> **What is being asked**
Copy the data that follows exactly, and include none of its images.

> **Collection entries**
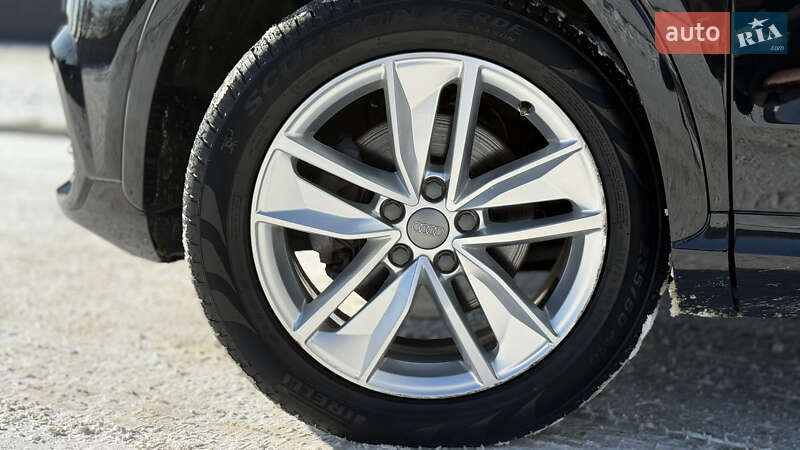 Позашляховик / Кросовер Audi Q3 2017 в Одесі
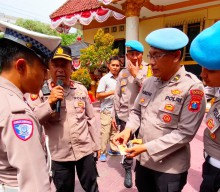Lakukan Sidak, Kasi Propam Polrestabes Surabaya Beri Apresiasi Polsek Simokerto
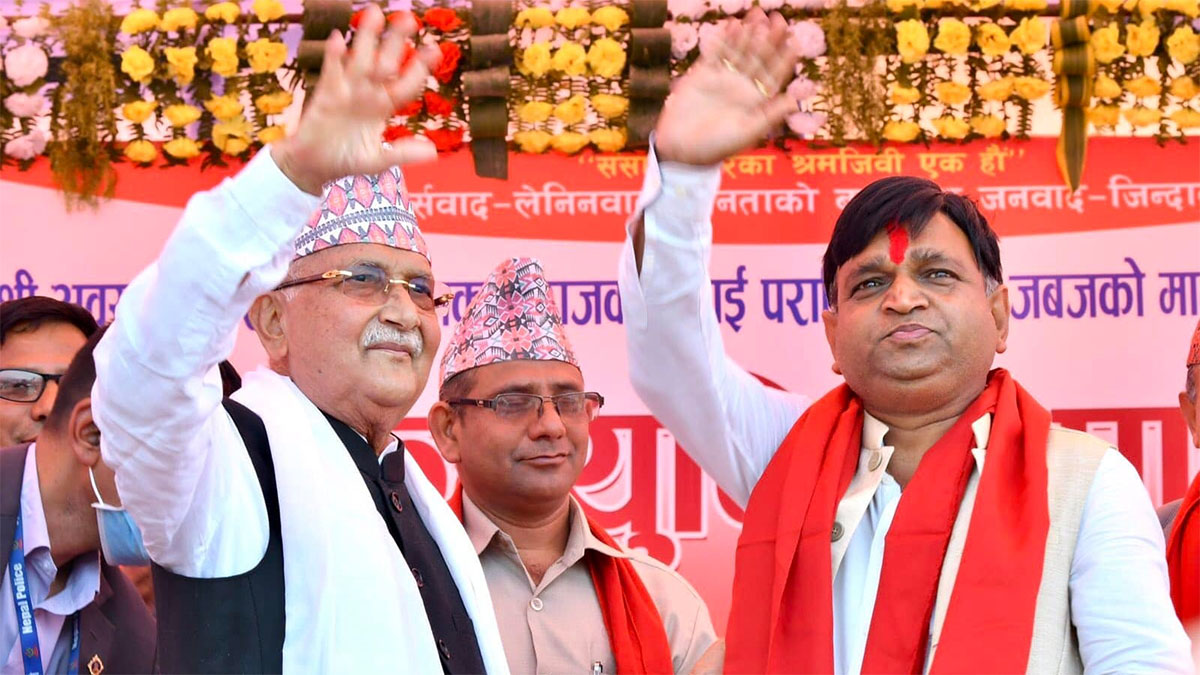 पूर्वमन्त्री तथा सांसद गुप्ता एमालेमा प्रवेश, अरु को को ?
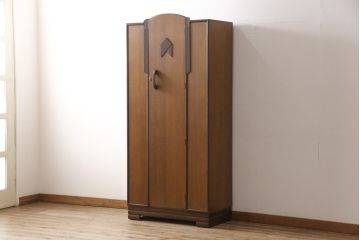 イギリスアンティーク　オーク材　こだわりの意匠が光るワードローブ(洋服タンス)(R-050184)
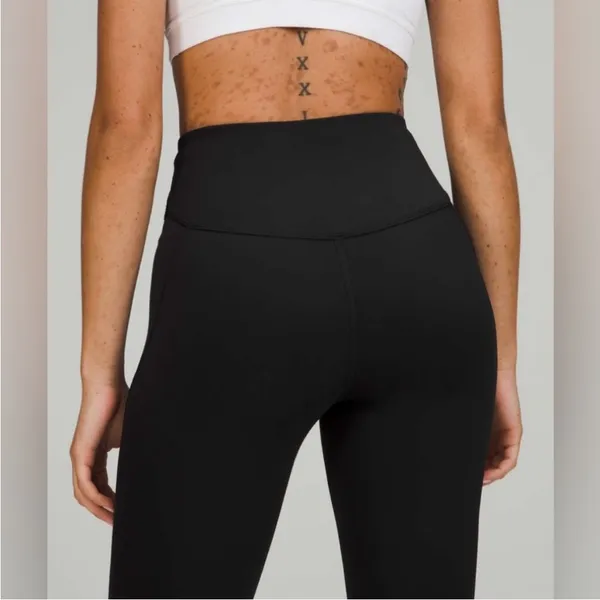 Lululemon Base Pace Crop 23” black size 6 - Image 2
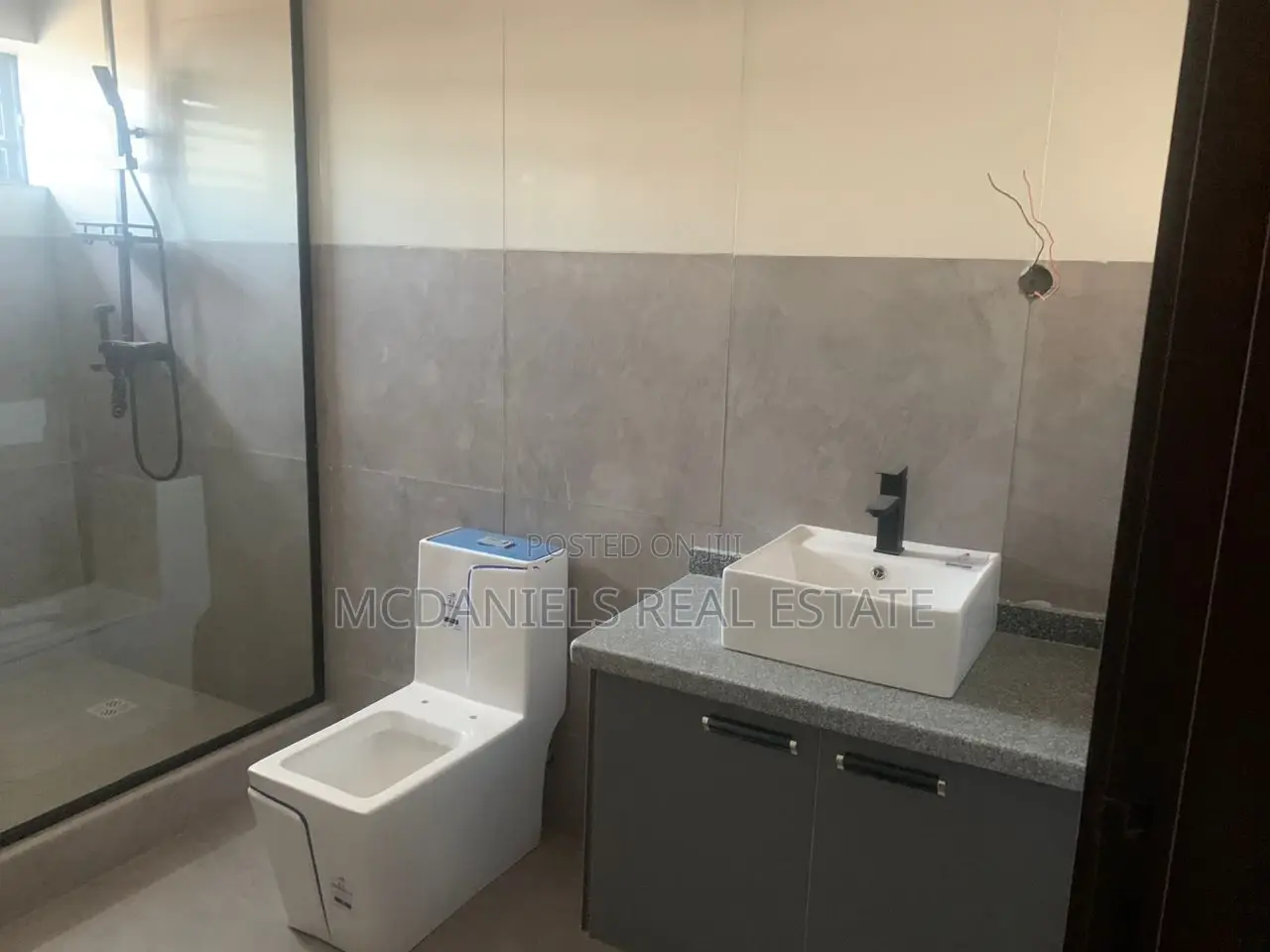 4bdrm Townhouse in Victoria Island Extension for Sale in Victoria Island Extension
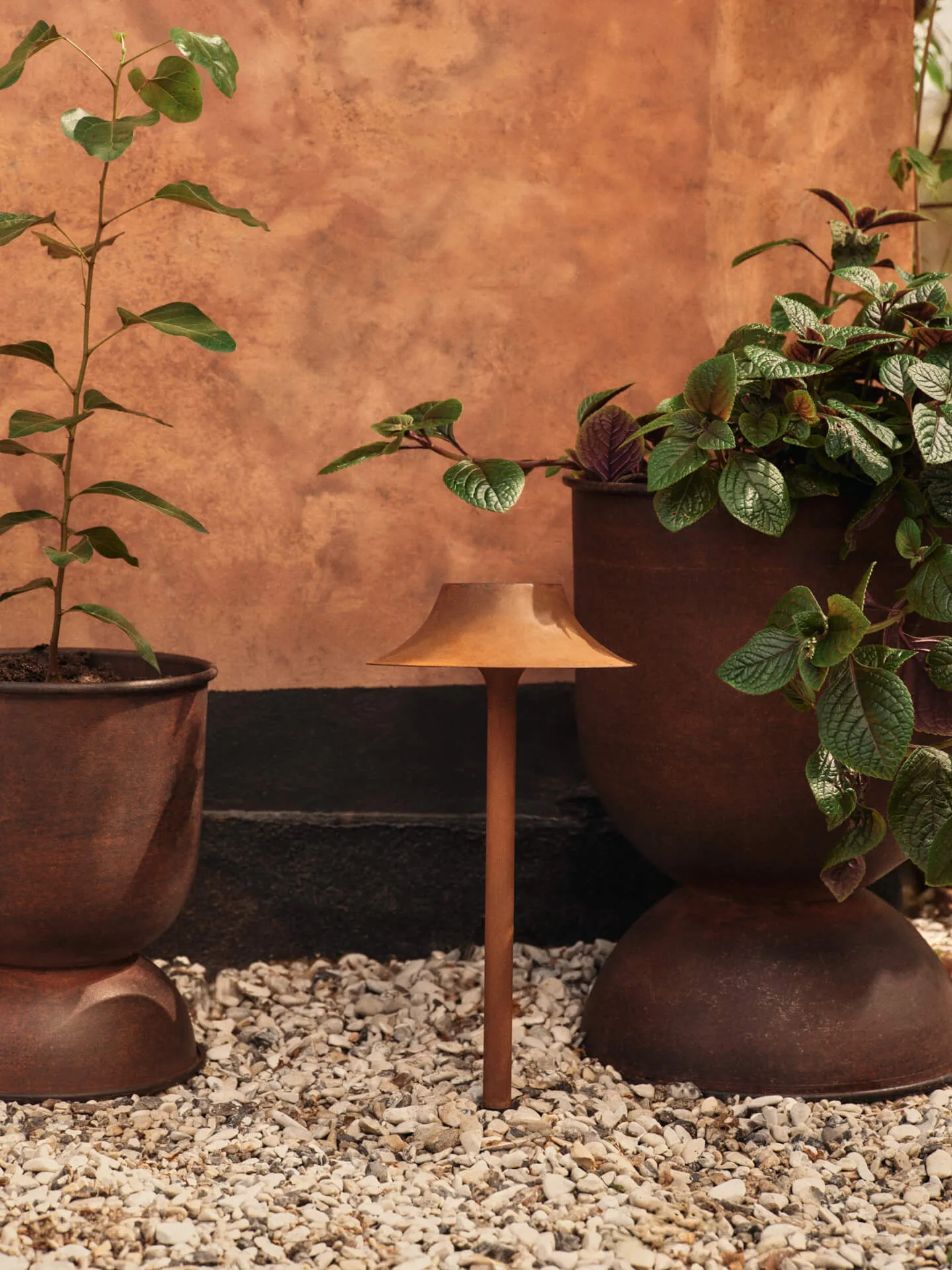 Hourglass flower pot small Ø30 cm, Rust Ferm Living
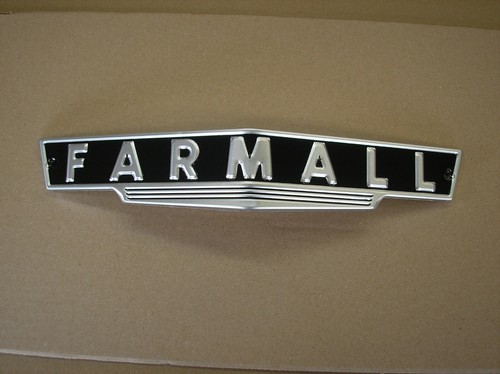 FRONT GRILL EMBLEM FITS IH FARMALL H M HV MD MDV MV #23-1556 - Picture 2 of 4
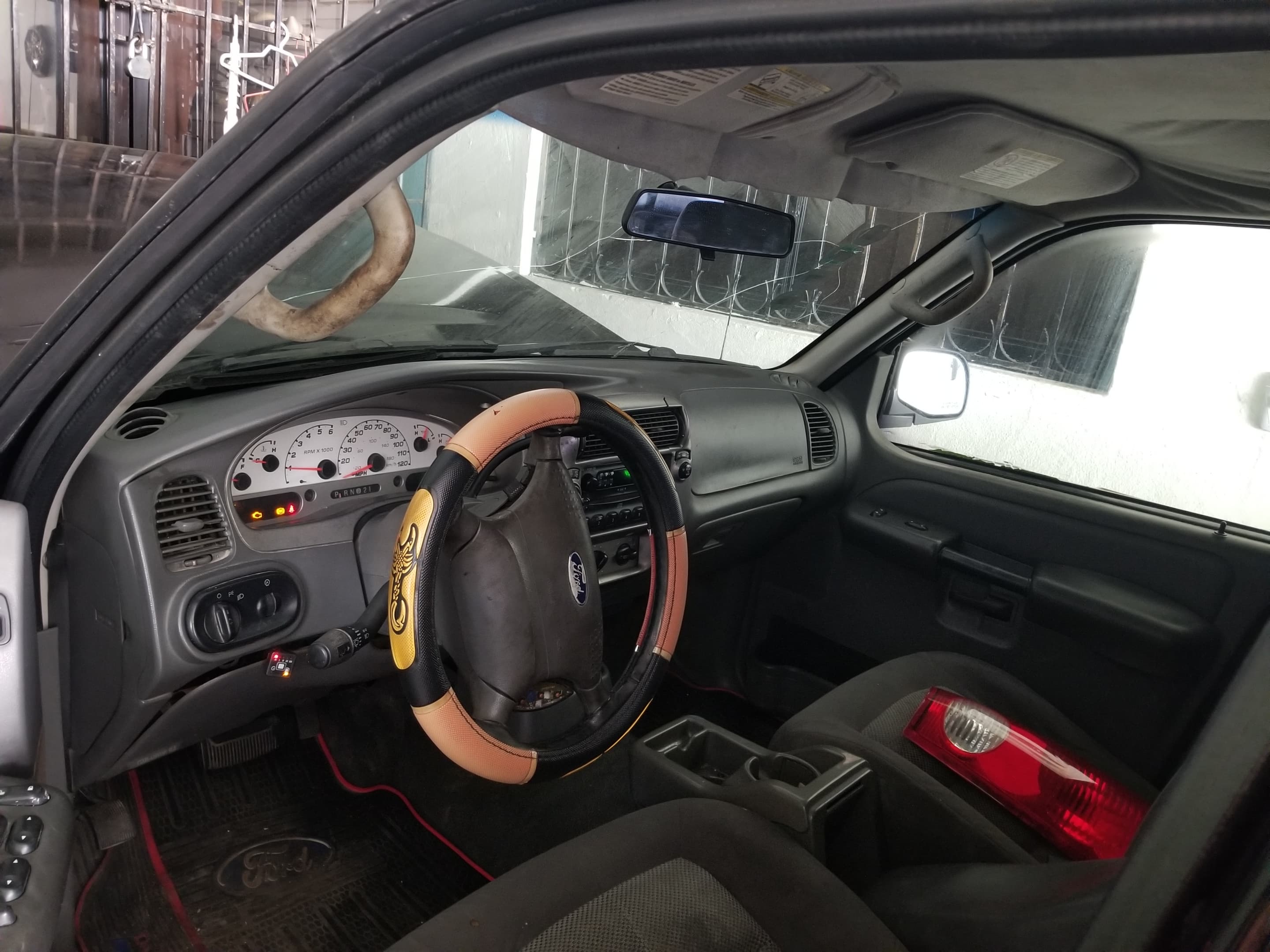 jeepetas y camionetas - Venta de ford trac 2005 unico dueño. 2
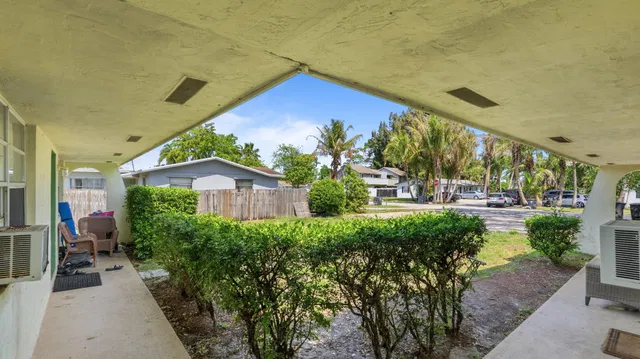  Residence photo 33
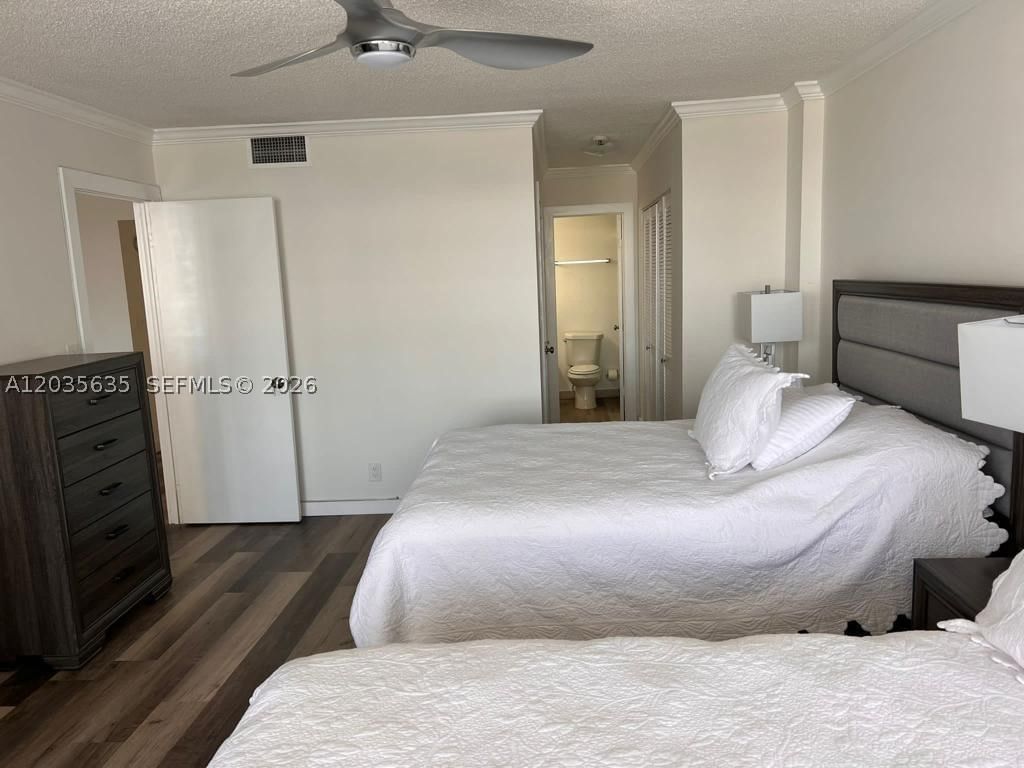Real estate property located at 3800 Ocean Dr #1808, Broward, Hallmark Of Hollywood Con, Hollywood, FL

> **Written solution**
 Позашляховик / Кросовер Audi Q3 2017 в Одесі
Lakukan Sidak, Kasi Propam Polrestabes Surabaya Beri Apresiasi Polsek Simokerto
 पूर्वमन्त्री तथा सांसद गुप्ता एमालेमा प्रवेश, अरु को को ?
 イギリスアンティーク　オーク材　こだわりの意匠が光るワードローブ(洋服タンス)(R-050184)
 Lululemon Base Pace Crop 23” black size 6 - Image 2
 4bdrm Townhouse in Victoria Island Extension for Sale in Victoria Island Extension
 Hourglass flower pot small Ø30 cm, Rust Ferm Living
 FRONT GRILL EMBLEM FITS IH FARMALL H M HV MD MDV MV #23-1556 - Picture 2 of 4
 jeepetas y camionetas - Venta de ford trac 2005 unico dueño. 2
  Residence photo 33
Real estate property located at 3800 Ocean Dr #1808, Broward, Hallmark Of Hollywood Con, Hollywood, FL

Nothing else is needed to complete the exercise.